**The problem:**
Give the lines below again exactly, starting with the line that holds "Eid Mubarak træpynt" and going on through the line that holds "People at Piazzale".

**Records provided:**
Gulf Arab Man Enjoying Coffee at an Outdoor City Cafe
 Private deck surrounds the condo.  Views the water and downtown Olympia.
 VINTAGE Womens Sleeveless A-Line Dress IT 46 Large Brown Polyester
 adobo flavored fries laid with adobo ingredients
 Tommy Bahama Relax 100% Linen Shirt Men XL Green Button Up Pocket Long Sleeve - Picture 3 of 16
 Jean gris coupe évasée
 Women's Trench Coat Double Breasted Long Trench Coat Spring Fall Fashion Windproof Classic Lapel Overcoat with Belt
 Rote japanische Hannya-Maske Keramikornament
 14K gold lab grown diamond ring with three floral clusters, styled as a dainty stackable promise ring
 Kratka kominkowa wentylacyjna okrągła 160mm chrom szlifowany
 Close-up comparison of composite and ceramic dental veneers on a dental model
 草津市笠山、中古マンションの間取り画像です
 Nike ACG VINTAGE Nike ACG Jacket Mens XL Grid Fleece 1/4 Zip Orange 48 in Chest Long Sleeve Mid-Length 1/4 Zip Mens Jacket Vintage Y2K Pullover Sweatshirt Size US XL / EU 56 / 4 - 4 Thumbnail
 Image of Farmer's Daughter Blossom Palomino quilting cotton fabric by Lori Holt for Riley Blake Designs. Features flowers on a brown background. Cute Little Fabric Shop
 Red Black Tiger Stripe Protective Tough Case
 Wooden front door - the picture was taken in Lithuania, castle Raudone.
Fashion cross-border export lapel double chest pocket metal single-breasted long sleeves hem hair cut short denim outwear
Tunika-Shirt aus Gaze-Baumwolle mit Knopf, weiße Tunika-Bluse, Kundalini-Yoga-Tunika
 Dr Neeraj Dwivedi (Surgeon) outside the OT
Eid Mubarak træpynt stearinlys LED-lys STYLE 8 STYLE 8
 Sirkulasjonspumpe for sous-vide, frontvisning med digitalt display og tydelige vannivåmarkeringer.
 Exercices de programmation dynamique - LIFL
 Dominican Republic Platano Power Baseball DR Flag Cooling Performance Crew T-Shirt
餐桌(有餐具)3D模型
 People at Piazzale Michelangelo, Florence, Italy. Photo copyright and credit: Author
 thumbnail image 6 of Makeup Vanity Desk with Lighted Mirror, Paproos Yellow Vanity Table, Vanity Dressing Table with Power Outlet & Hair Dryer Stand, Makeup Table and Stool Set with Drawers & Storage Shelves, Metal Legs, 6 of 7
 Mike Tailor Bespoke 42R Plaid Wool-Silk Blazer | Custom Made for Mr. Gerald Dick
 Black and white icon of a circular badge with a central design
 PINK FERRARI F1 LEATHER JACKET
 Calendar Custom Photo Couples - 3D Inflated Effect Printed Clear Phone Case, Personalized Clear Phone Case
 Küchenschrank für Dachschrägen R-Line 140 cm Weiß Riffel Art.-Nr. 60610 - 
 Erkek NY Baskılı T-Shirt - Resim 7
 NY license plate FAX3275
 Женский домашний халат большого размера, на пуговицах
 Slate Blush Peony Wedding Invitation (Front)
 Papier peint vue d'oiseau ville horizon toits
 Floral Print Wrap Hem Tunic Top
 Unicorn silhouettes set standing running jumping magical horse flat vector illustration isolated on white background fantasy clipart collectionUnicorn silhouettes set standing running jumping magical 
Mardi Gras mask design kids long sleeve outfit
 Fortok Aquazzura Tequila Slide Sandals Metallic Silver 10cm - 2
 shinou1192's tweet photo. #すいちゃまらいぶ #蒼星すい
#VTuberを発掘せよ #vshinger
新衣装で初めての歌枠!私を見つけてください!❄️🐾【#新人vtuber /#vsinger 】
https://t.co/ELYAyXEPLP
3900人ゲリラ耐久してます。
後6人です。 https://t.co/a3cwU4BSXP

**Expected answer:**
Eid Mubarak træpynt stearinlys LED-lys STYLE 8 STYLE 8
 Sirkulasjonspumpe for sous-vide, frontvisning med digitalt display og tydelige vannivåmarkeringer.
 Exercices de programmation dynamique - LIFL
 Dominican Republic Platano Power Baseball DR Flag Cooling Performance Crew T-Shirt
餐桌(有餐具)3D模型
 People at Piazzale Michelangelo, Florence, Italy. Photo copyright and credit: Author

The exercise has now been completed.